Standard Protection in Old Age
The statutory old age pension scheme (Gesetzliche Rentenversicherung) is by far the largest public scheme in which the majority of the German workforce is mandatorily insured. It is a pay-as-you-go (PAYG)-financed insurance scheme with benefits being linked to contributions paid throughout a person's career. Specific public pension schemes exist for distinct occupational groups who are excluded from mandatory insurance in the statutory old age pension scheme. The civil servants’ old age pension scheme (Beamtenversorgung) provides privileged treatment for civil servants, judges and soldiers. It is fully tax-financed, paid out of the general budget and commonly provides a high level of financial protection in old age, granting benefits based on earnings received at the end of a person’s career. Entrepreneurs and their families who work in the agricultural sector can only expect partial financial protection in old age from mandatory insurance in the heavily subsidised farmers’ old age security scheme (Landwirtschaftliche Altersvorsorge) with fixed (flat-rate) contributions.
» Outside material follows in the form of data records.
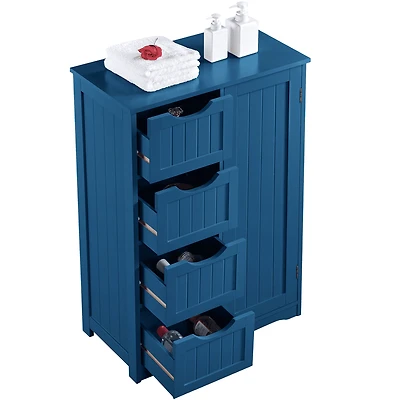 Fullfurnique Modern Wooden Freestanding Bathroom Floor Cabinet with 4 Drawers & Cupboard, Navy Blue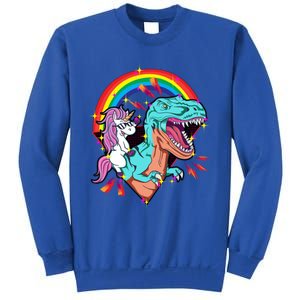 Unicorn Riding T Rex Rainbow Synthwave Dinosaur Gift Sweatshirt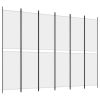 6-Panel Room Divider White 118.1"x86.6" Fabric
Financial protection for persons working in the liberal professions is organised within more than 90 autonomous and mostly fully funded old age pension schemes for the liberal professions (berufsständische Versorgungswerke). Due to their specific financing mechanisms, benefits tend to be higher compared to the statutory old age pension scheme. Persons not subject to mandatory insurance can join the statutory old age pension scheme on a voluntary basis.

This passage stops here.